Repeat exactly, and only, the lines from the one containing "Lote 001 - Nissan" through the last line of the data below.

Data shown =
· · · · · · ·

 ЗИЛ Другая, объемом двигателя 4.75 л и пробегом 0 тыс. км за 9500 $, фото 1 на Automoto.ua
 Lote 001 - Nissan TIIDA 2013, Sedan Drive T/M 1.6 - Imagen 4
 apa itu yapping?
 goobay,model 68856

· · · · · · ·

Written reply =
 Lote 001 - Nissan TIIDA 2013, Sedan Drive T/M 1.6 - Imagen 4
 apa itu yapping?
 goobay,model 68856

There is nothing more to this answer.